Your browser was unable to load all of the resources. They may have been blocked by your firewall, proxy or browser configuration.
Press Ctrl+F5 or Ctrl+Shift+R to have your browser try again.

Weird recent behavior - zombie builds #4387

tomz ·

Is there some way in groovy scripting to retrieve the same data from the build grid that you get by viewing the Queue tab?

I'm trying to debug an issue with our build system that is frequently causing build agent deadlocks and zombie build jobs. The zombies are running builds in quickbuild that you can see in the configuration build history. If browse to the agent that the master node is running on, it says there are NO running steps on that node. This zombie build has catastrophic consequences down the line because it has a post-build and pre-build script that mutex locks that agent. Any other resource requesting that agent gets deadlocked with the zombie.

I first want to find a way to detect this error. The easiest way to do this manually is to do the following:

Find all builds in queue triggered by a specific user that fall under a specific build tree (which is massive) and have been running longer than expected. From these builds check the node they run on, and find the mutex file described above. The mutex file will have all buildIDs inside that are waiting on that node. The oldest (lowest numbered one, which is always the topmost in the file) is the stuck/zombie build. You can go to that build ID in quickbuild and see it stuck on the master step, but you can never find that build in the build queue, and you can't see that build ID in the node's "running steps" tab.

How can I get the queue entries in script so I can start working on a work-around for this problem? (automating the manual steps above)

Do you know of any thing we might be doing wrong on the grid that might result in these kinds of zombies? Our mutexing system hasn't changed in months, perhaps years, but sadly right now it has become heavily problematic, hanging nodes roughly 10 to 15 times a day.

Help or suggestions would be highly appreciated.

Tom Z.

  • replies 3
  • views 590
  • stars 0
robinshen ADMIN ·

To get all build requests in queue, use below script on QB server:

groovy:
for (eachRequest in system.buildEngine.getBuildRequests(null)) {
// do something with eachRequest.build.id
}

If build entry no longer exists in queue, it means that the build is actually finished.

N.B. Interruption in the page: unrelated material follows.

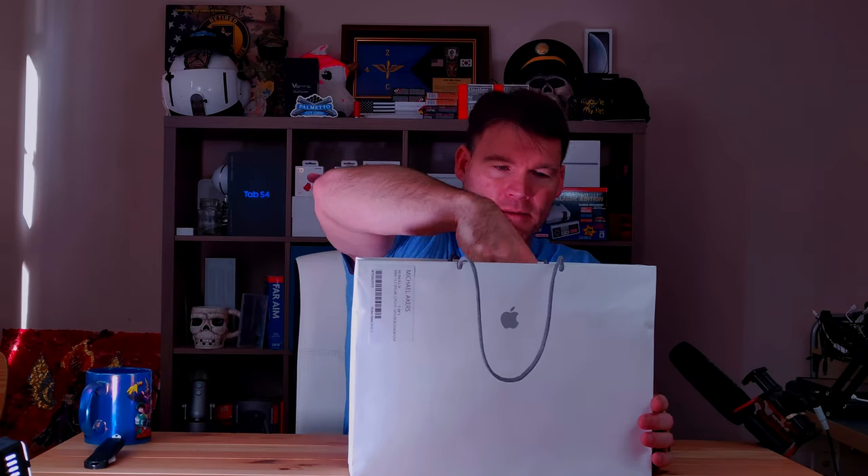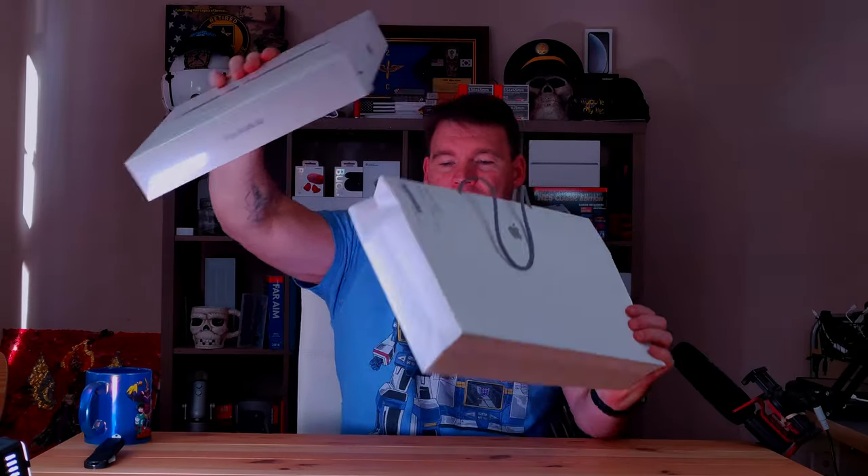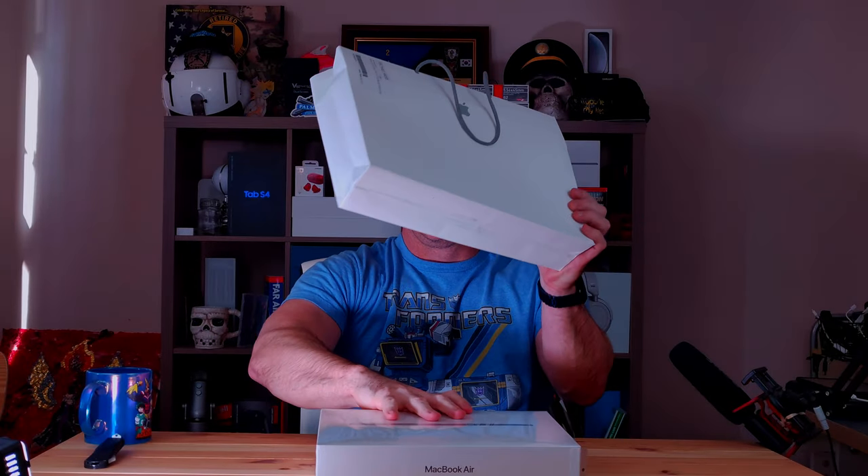All right, so let's pull this thing out of the bag. This is the first MacBook that I've had for about five years. Obviously a Windows fan, a PC guy. But when Apple announced the new M1 chip, I was very intrigued — mostly because of battery life, and then secondary to that was performance.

The reason that it is still displayed as running in build detail page might because that there are some errors preventing the build entry to be updated in database. For these odd builds, please check if there are entries starting with "Error processing build request" in server log.

tomz ·

I have determined that a few things we were doing were problematic. The most egregious issues involved exceptions being thrown in either the master step's pre-step script or post-step script, where the file node locking mechanisms are implemented. Because this pattern is used in roughly 100 configurations, it would be useful to be able to modify steps via quickbuild scripting, rather than manually fixing each instance.

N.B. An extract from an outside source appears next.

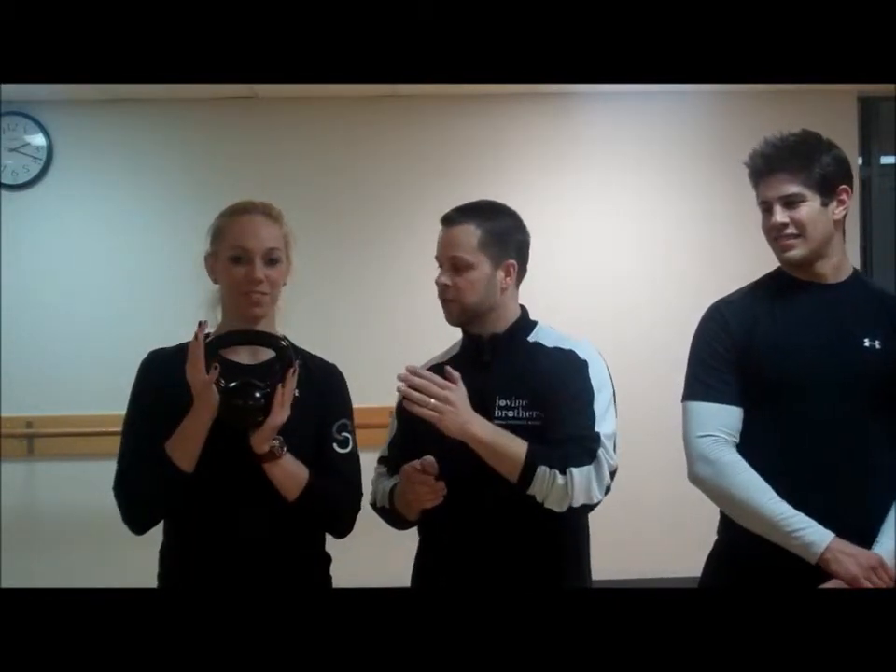Hi, my name is Butch Daugherty with Iovine Brothers Produce. I'm lucky enough today to be here with Beth Caron and Steve Hoffman, and they're going to explain a couple of different training techniques that are going to work your entire body. I'm excited because Beth is going to talk about kettlebells and Steve is going to demonstrate them. Since some of us might not be 100% familiar, why don't you explain what a kettlebell is and why we would even want to use it?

What is the best way to accomplish this? The REST API?

Thanks in advance,
Tom Z.

robinshen ADMIN ·

You may create a maintenance configuration running below script:

groovy:
import com.pmease.quickbuild.setting.step.executeaction.ScriptExecuteAction;
import com.pmease.quickbuild.migration.VersionedDocument;

for (eachConf in system.configurationManager.getAll()) {
  def masterStep = eachConf.getStep("master");
  if (masterStep != null) {
    if (masterStep.preExecuteAction instanceof ScriptExecuteAction) {
      masterStep.preExecuteAction.script = .. // fix script
    }
    if (masterStep.postExecuteAction instanceof ScriptExecuteAction) {
      masterStep.postExecuteAction.script = .. // fix script
    }
    eachConf.stepDOMs["master"] = VersionedDocument.fromBean(masterStep);
    system.configurationManager.save(eachConf);
  }
}